However, if you were convicted of 30 to 500 grams of marijuana, you’ll have to do the work yourself to get your record cleared. Expungement is not automatic for these cases. This means you’ll have to petition the court to remove the marijuana charge from your record, and then a judge decides if you should qualify. There’s no guarantee it will happen.
There’s also a difference between an “expungement” and a “pardon.” A pardon means that the governor has forgiven your crime, but it does not remove it from your record. An expungement, on the other hand, is what erases the crime from your record. While a pardon often leads to an expungement, it is not automatic.

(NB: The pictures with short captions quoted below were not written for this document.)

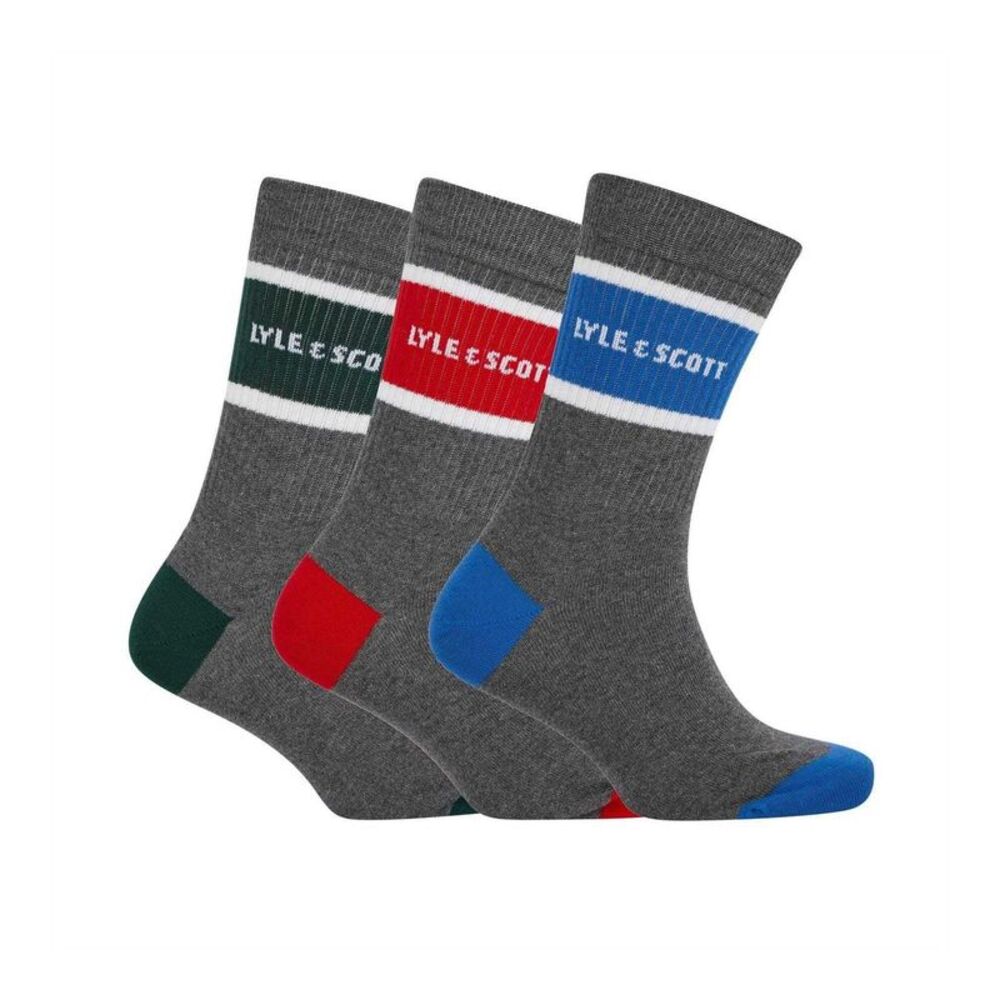 Lyle & Scott Mens Sports Socks (Pack of 3) / Gray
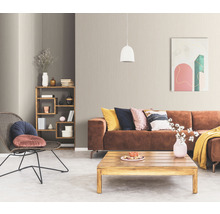 Woonkamer met bank, tafel en plank.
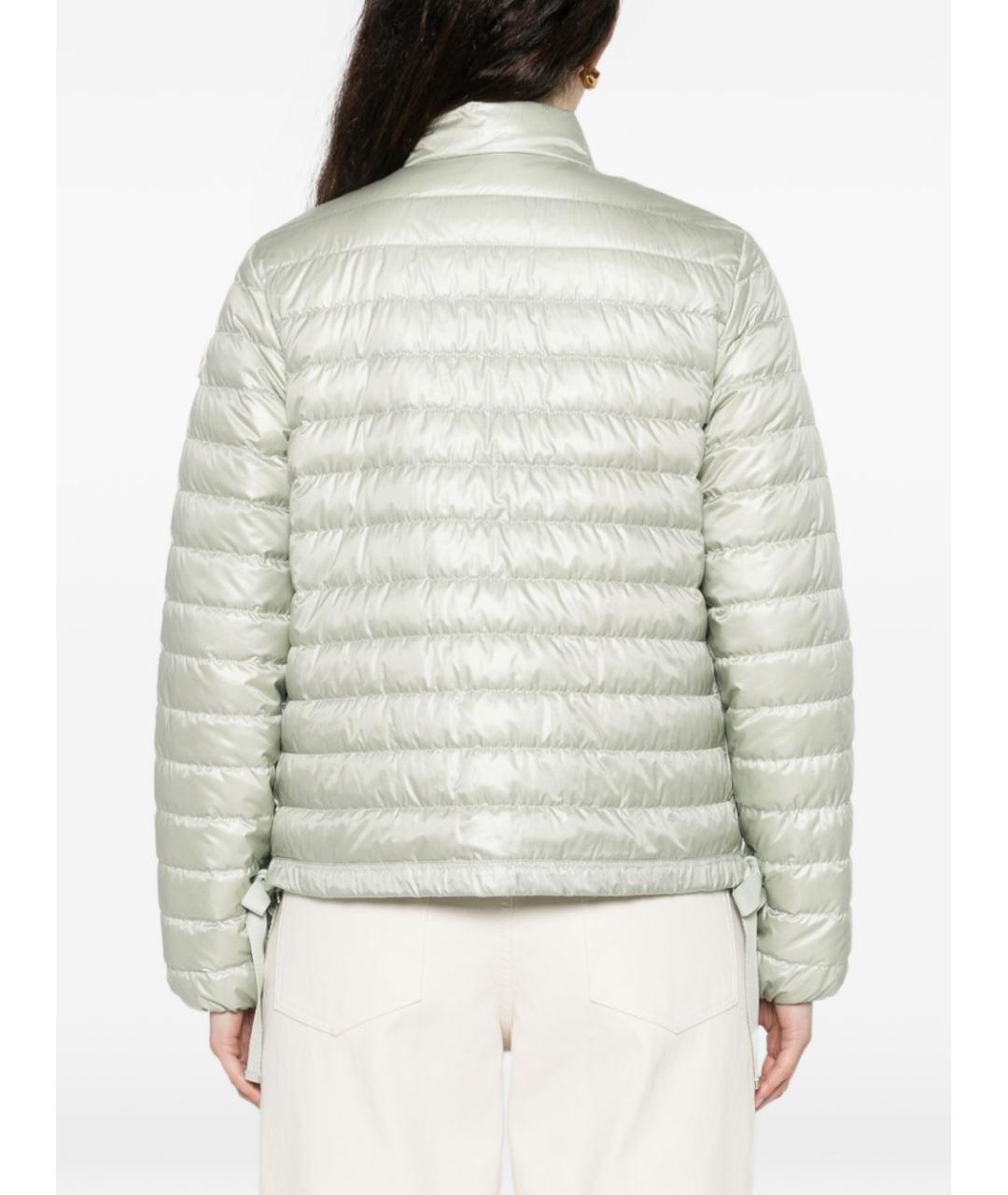 MONCLER Зеленый полиамидовый пуховик, фото 5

An alternative to expungement, if you can’t get one, is to petition the court to “seal” your marijuana record. This would make your record closed to the public, but it would still show up for law enforcement and for official background checks. It does not erase the marijuana charge from your record.
“Illinois is probably something of a model now,” says Sam Kamin, a professor of marijuana law and policy at the University of Denver. “When marijuana law reform comes up now, social justice and expungement has to be taken on.”
Even if your record is not expunged, you may still be able to do some damage control by removing your information from commercial background check websites. Some advocates recommend that you “opt out” of those sites. They point out that every commercial background site has an option to remove yourself from their service. One site, www.registryreport.org, offers instructions on how to do this with the major sites.